> **EXERCISE DESCRIPTION**:
Repeat, please, exactly the lines from the one that has "Affinity by region" through the end of the records below, with pictures dropped.

*** PROVIDED RECORDS Section Begins ***

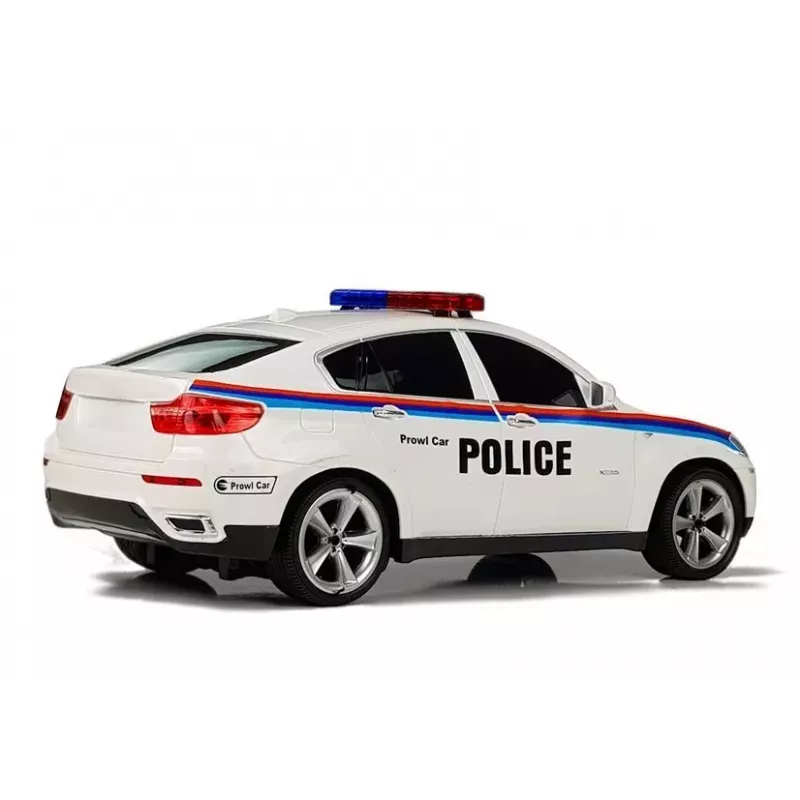 Valdomas policijos automobilis Coupe R/C 4861 Lean Toys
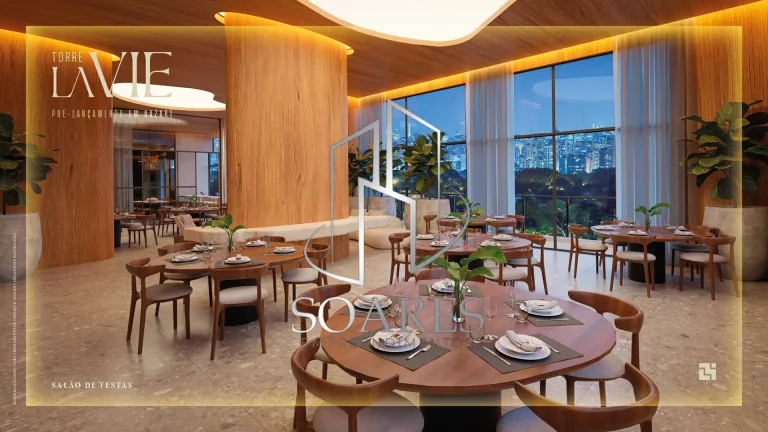 Imagem TORRE LA VIE Imóvel premium com 4 suítes e até 3 vagas cobertas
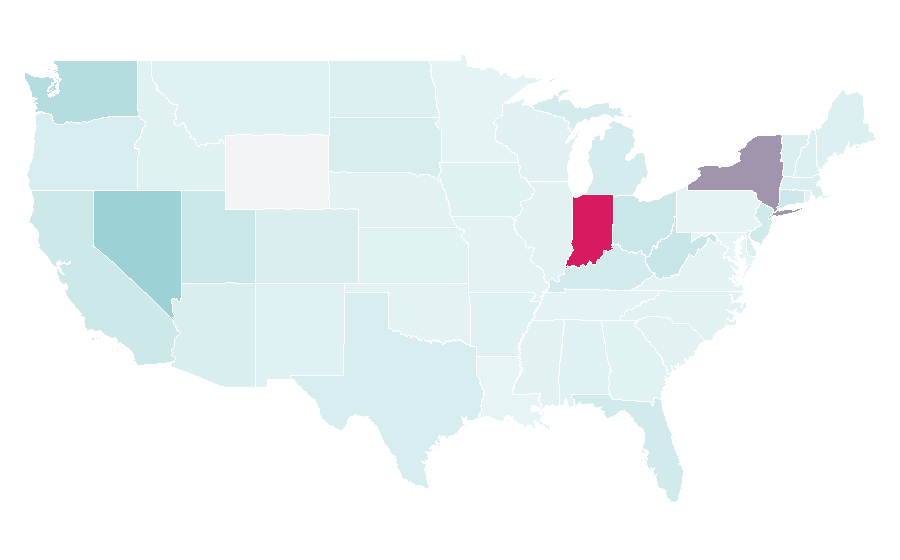 Affinity by region — Best Deals, United States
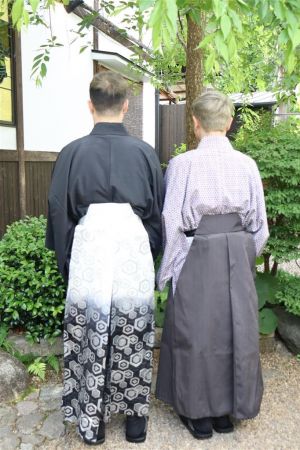 男性袴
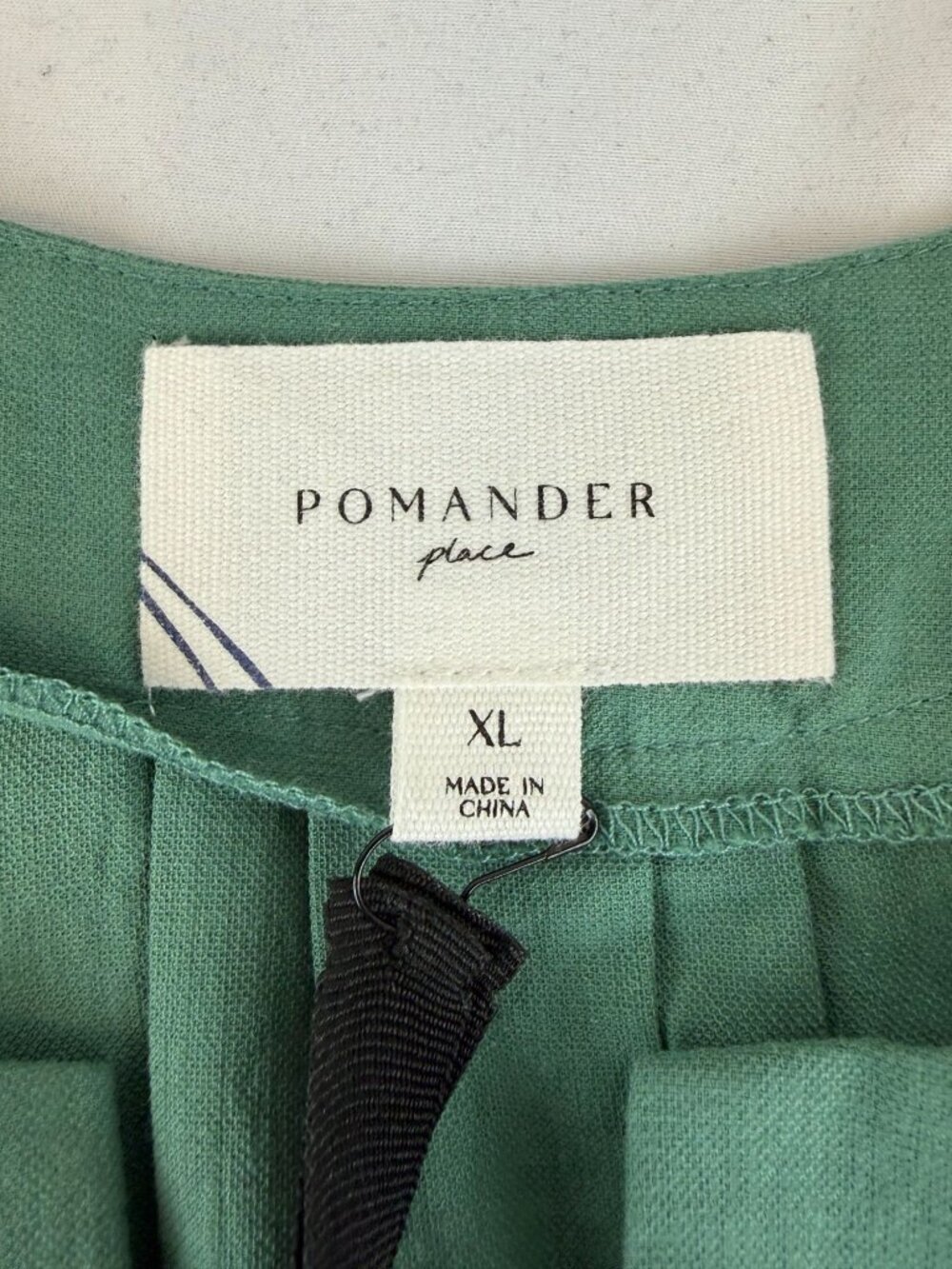 NWT Tuckernuck Pomander Place Finley Dress Sage Green Size XL - Picture 3 of 7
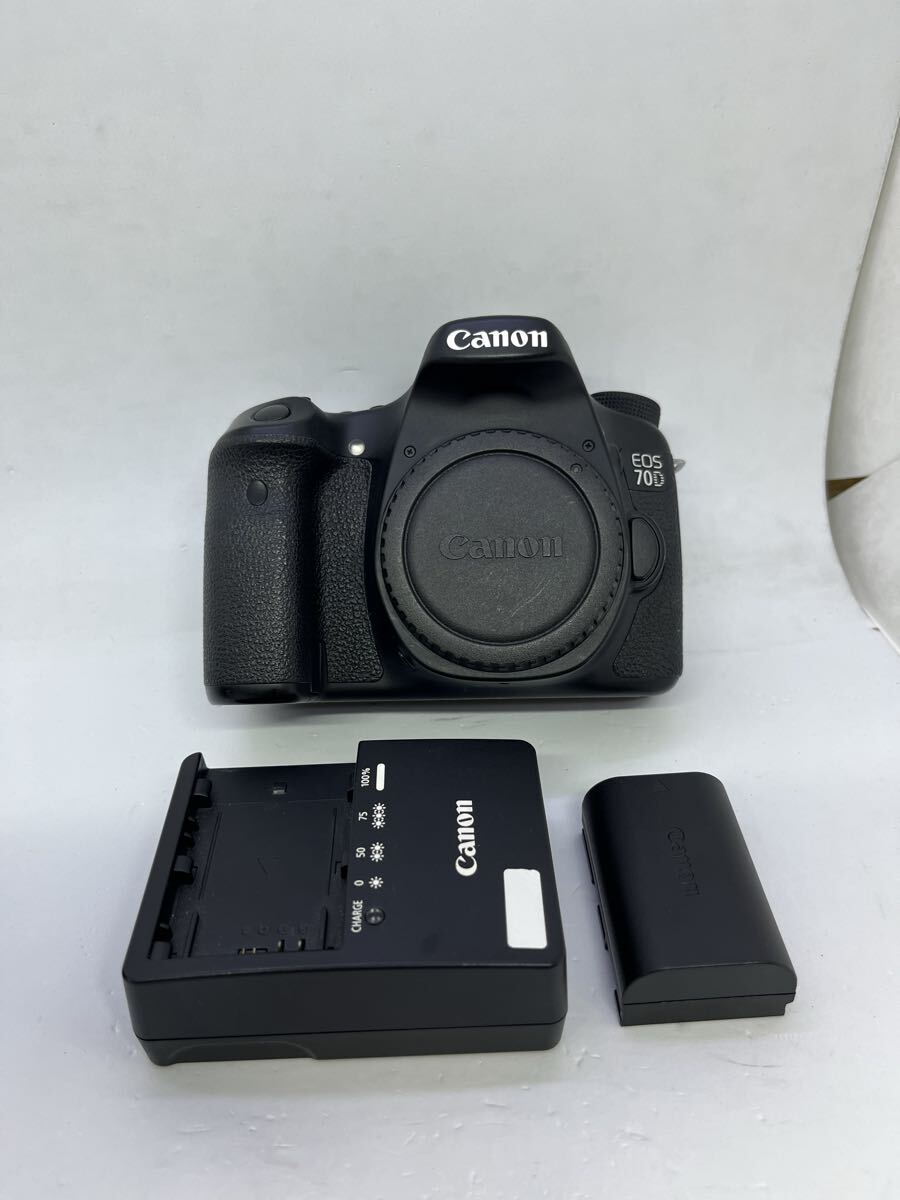 ★良品★安心動作保証付き★ Canon EOS 70D body 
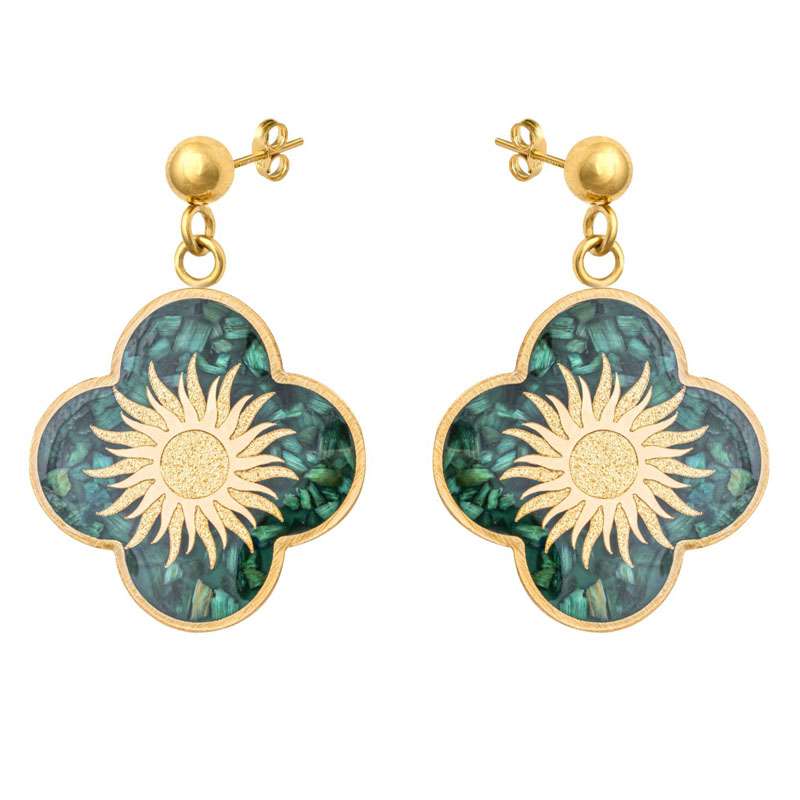 گوشواره زنانه دانژه مدل تابستان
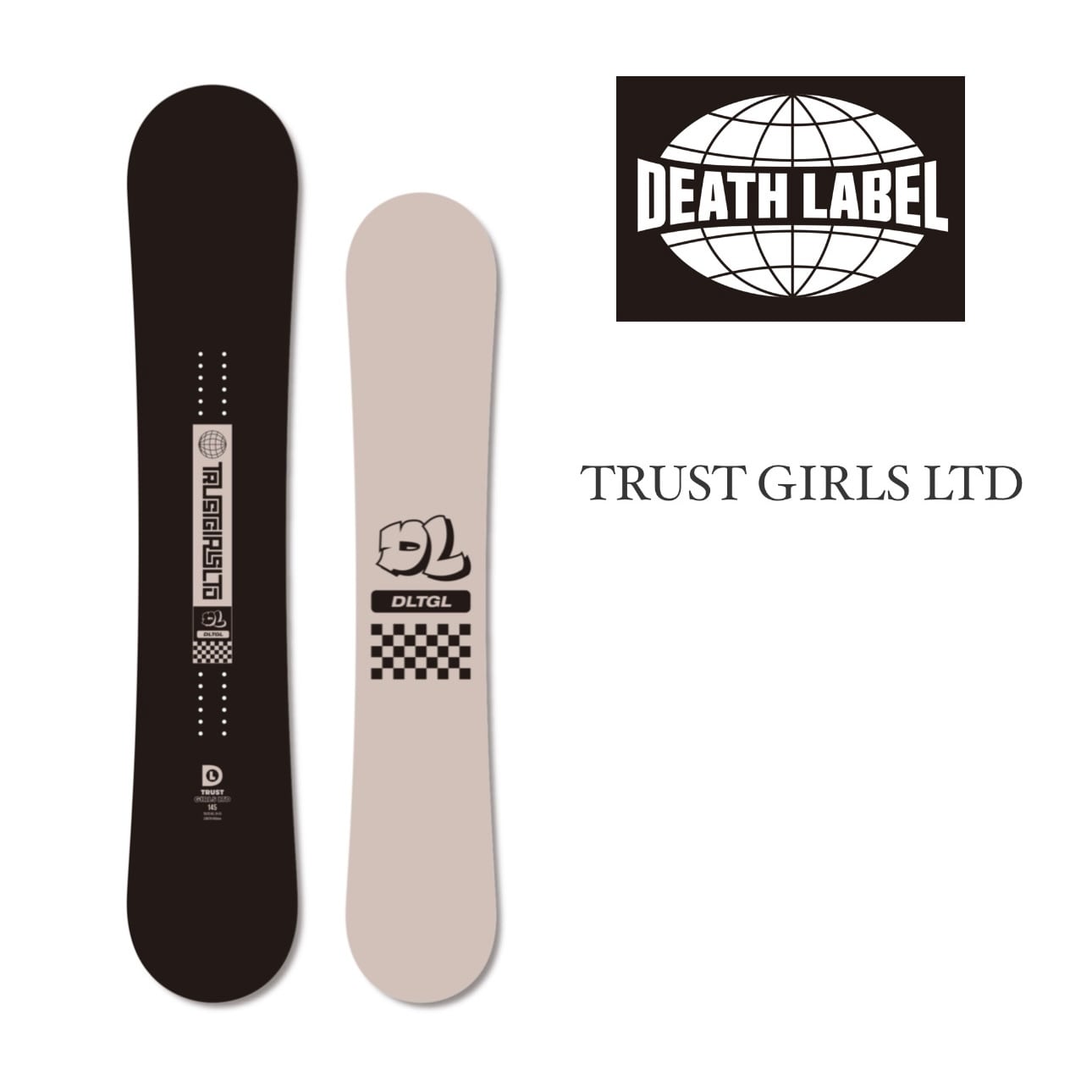 24-25モデル. DEATH LABEL . 『 TRUST GIRLS LTD 』. デスレーベル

*** PROVIDED RECORDS Section Ends ***

> **ANSWER TO THIS EXERCISE**:
 Affinity by region — Best Deals, United States
 男性袴
 NWT Tuckernuck Pomander Place Finley Dress Sage Green Size XL - Picture 3 of 7
 ★良品★安心動作保証付き★ Canon EOS 70D body 
 گوشواره زنانه دانژه مدل تابستان
 24-25モデル. DEATH LABEL . 『 TRUST GIRLS LTD 』. デスレーベル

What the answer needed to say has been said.